Here, though, the goal is to make it as simple as possible. To guard against falling into a testing trap, take an honest look at what you're asking your probes to do. Your best bet might be to adopt the old adage that less is more. So consider using two good probes—a general purpose one with a large dynamic range and sufficient bandwidth, and one with high enough sensitivity and bandwidth to handle peak pulse conditions. Your results and your test bench will be all the better for it.
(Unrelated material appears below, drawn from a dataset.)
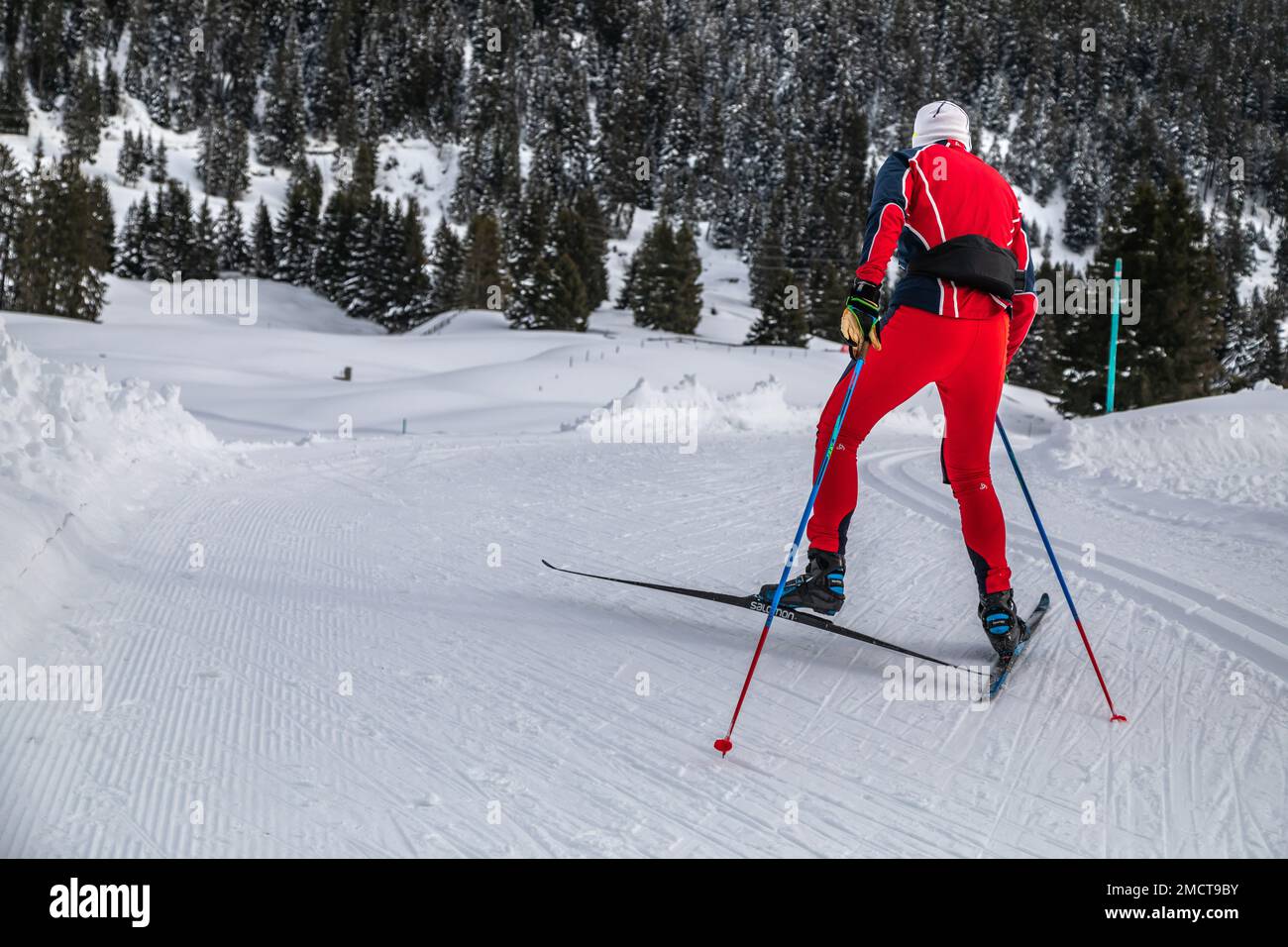 Man in Red Overall pattina da fondo sulle piste da fondo in Svizzera Foto Stock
Four probe specs to consider
Power components have evolved so quickly that connectivity, bandwidth, and dynamic range requirements pose significant measurement challenges. It seems that for each measurement challenge there is a different measurement application. This dilemma is particularly applicable to probing solutions. Current probes are generally equipped to solve specific problems. The probe may have a large dynamic range but not enough bandwidth. Or it may lack sensitivity at the low end. A probe with the capability of providing granularity down to the milliamp may lack dynamic range and may not be equipped to handle large peak pulse currents. There's nothing quite like getting your test environment set up and then having to immediately degauss the probe. With ever-changing design requirements and subsequent changes in test equipment, determining the capabilities and features that you need in a current probe can be confusing.
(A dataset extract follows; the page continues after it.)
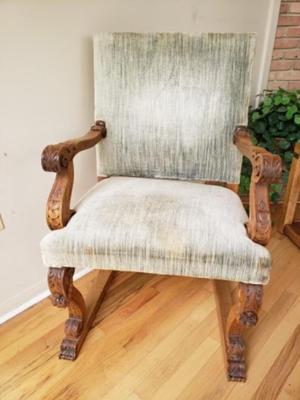 Antique Walnut carved fireside arm chair. Circa 1850.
The objective in probing is to reliably deliver output from the signal source to the input of the oscilloscope with maximum signal fidelity and with as little impact to the original signal as is possible. Often, probes are the most overlooked part of the test solution. In some cases, engineers will grab a probe off the shelf that isn't equipped to accurately capture signals of interest. The danger of using a probe that's not equipped to do what you want is that you'll fall into the trap of believing what you see. If you're using a probe that doesn't meet the specifications required by the device under test (DUT), what you see on the screen may not
be what's going on in your circuit.
In your test setup, you'd ideally want a single probe solution that you can hook up to the DUT and get a measurement without having to fight the test equipment. While there are many test solutions available that allow you to "brute-force" a measurement, ask yourself whether you really need an arsenal of test equipment to satisfy your testing needs. Does your equipment seem to be more of a hindrance than a help? How much range do you need? How fast does the probe need to be? What features are going to make your job easier? The four main characteristics to consider are:
•Dynamic range and sensitivity
•Reduced clutter on your test bench
Dynamic range and sensitivity
Power designs that are completely predictable do not require test equipment with broad dynamic range. However, most power designs do not reside in perfectly controlled environments and have to deal with high di/dt slew rates, spikes, and in-rush currents. Test equipment lacking dynamic range will misinterpret unpredictable events such as spikes, which will lead to unpredictable results. In some cases, the spike may be clipped and the designer may not even be aware of it.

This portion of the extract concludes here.